A typical DSO is only a few hundred pixels tall on the screen, so you can't *see* anything finer than about 8 bits (more like 9 bits these days, i.e. 512 pixels height, or even 10 bits for fancier or PC-based scopes). If you need to zoom in without taking additional readings, you might need more, but you run into problems with dynamic range vs. offset, and bandwidth capability.
I can't see the detail, but won't the onscreen measurements benefit from higher bit depth?
Not really: most of the ones I've seen, display about three digits more than they represent, anyway! It would be very nice if they put a sigma on those as well, sadly most don't (with I think Lecroy being one of the few who do, unless it's simply standard only on the embedded-PC-based pricey ones).
A simple measure of accuracy is how many digits are dancing around in a given steady state display.
Errors arise from the signal itself (voltage and phase noise), trigger noise (and delay if shifted from the trigger point), quantization noise (including time quantization*) and thresholding.
*Which depends on if it's a "deep memory" scope, or if it's reading by various methods: decimated to screen resolution, averaged to screen resolution (Hi-Res), histogram (DPO or heat map style); and how the measuring algorithm operates on that data (does it operate on what's on screen, or on that segment of the buffer, or the total buffer?).

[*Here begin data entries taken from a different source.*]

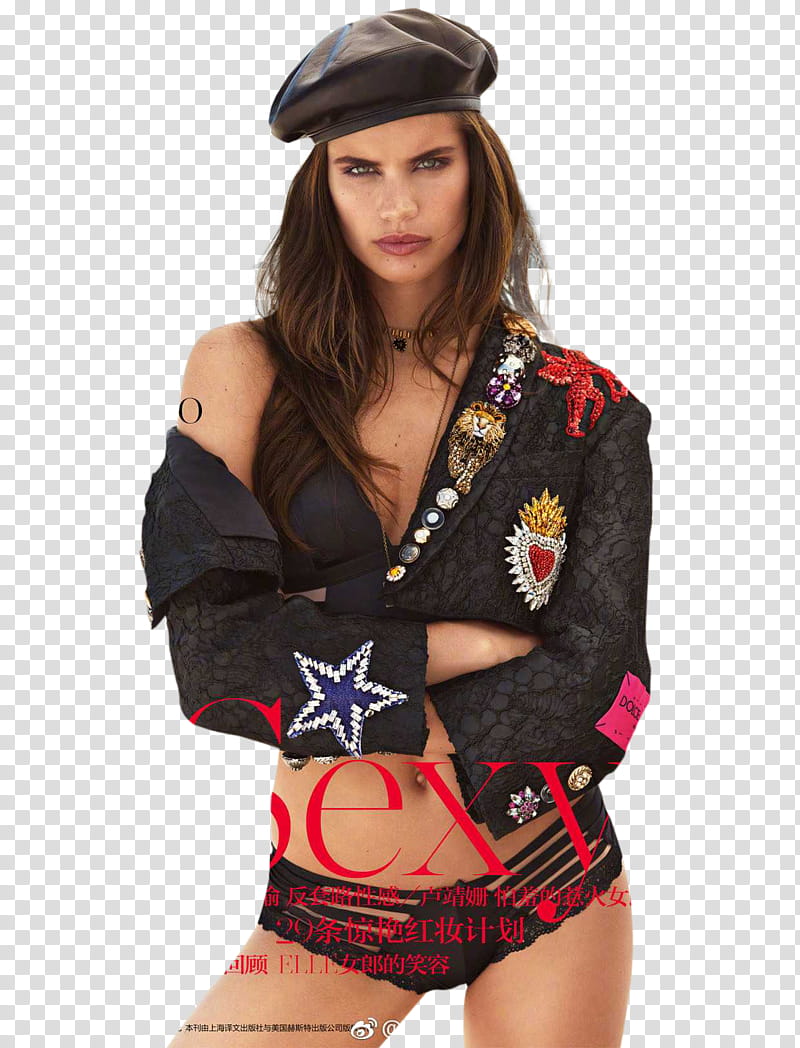 Sara Sampaio transparent background PNG clipart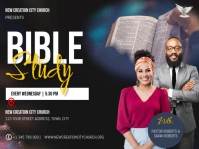 BIBLE STUDY POSTER Presentation template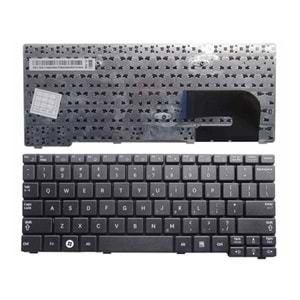 Retro NBKL555BTR Samsung X128 Uyumlu Notebook Klavyesi-Siyah-TR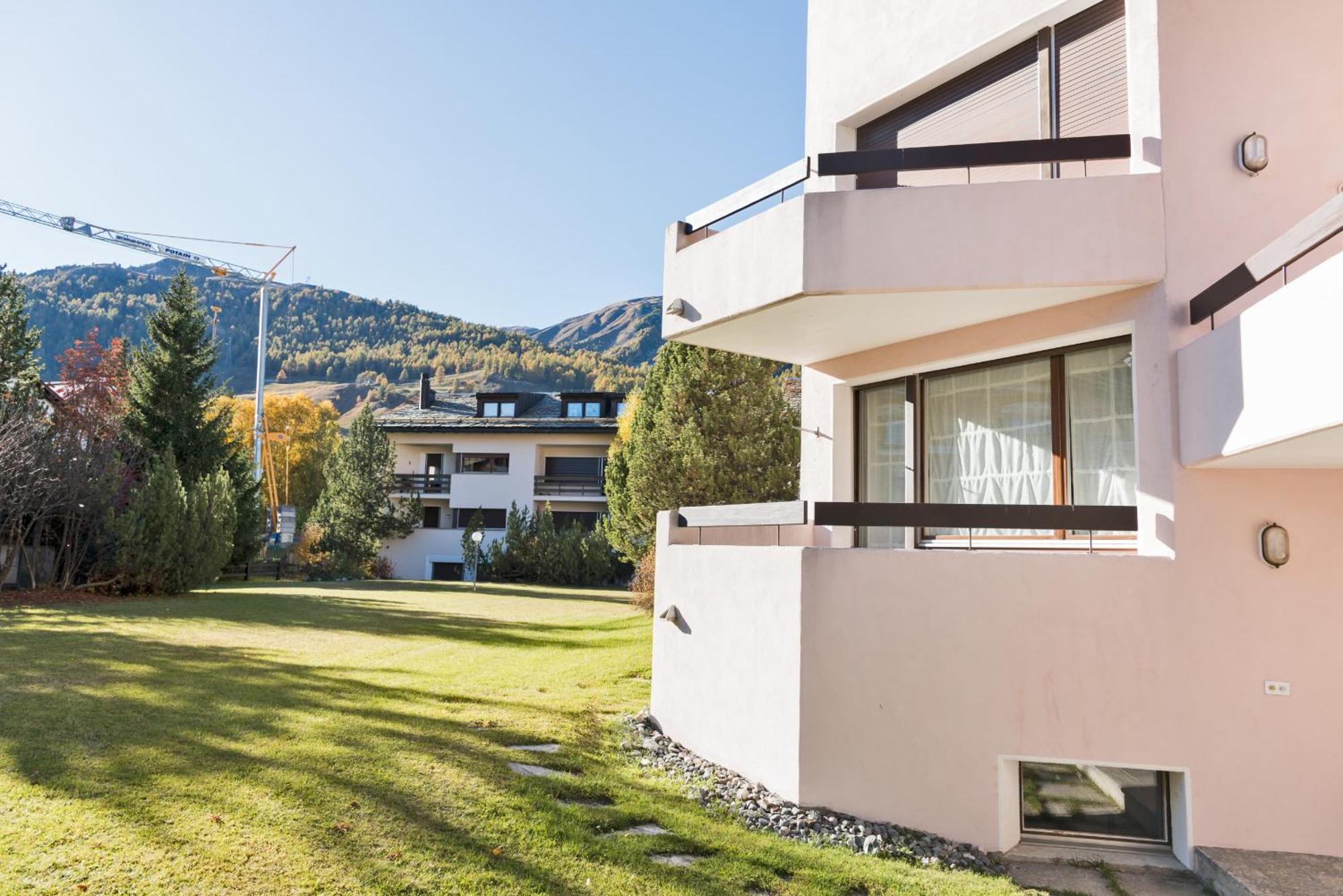 Chesa Pradatsch Suot - Celerina Celerina/Schlarigna Exteriér fotografie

From what little I know of the usual measuring algorithms, many of them have threshold limitations: for example, to measure "top" of a square wave, how do you determine which points are in the "top"? What if you try measuring this on a wave that's decidedly not square: like a sine, or a switching waveform with ringing, or white noise? There should be some measure of confidence corresponding to that measurement, which is relayed to the user. But this is rarely provided.
(More broadly, signal and image processing needs to take these things into account. It's amusing when you have a picture of a fire hydrant identified as "dog" by some AI; it's less amusing when your digital communications channel is fading out and it makes bad assumptions about what it thinks the signal is, rather than reducing bandwidth to a more confident level.)
In any case, a hard threshold is the worst possible signal processing method, and has noise equal to any given sample. Ideally, you'd like the measurement to have 1/sqrt(N) noise, for N samples in the measurement span (whether it's piled on top as a histogram or stretched out in a very long buffer).
And yes, when you have megs of buffer, random errors can be very well refined indeed (1e6 points --> 1e3 reduction in noise!), leaving you with only the systematic errors (like the nonuniformity of bit sizes in the ADC). If the measurement algorithm harnesses this resource, then it can be as accurate as the systematic limitations; my concern is that most will not go to this length, and worst of all, you have no way to know because they rarely tell you the uncertainty.
Tim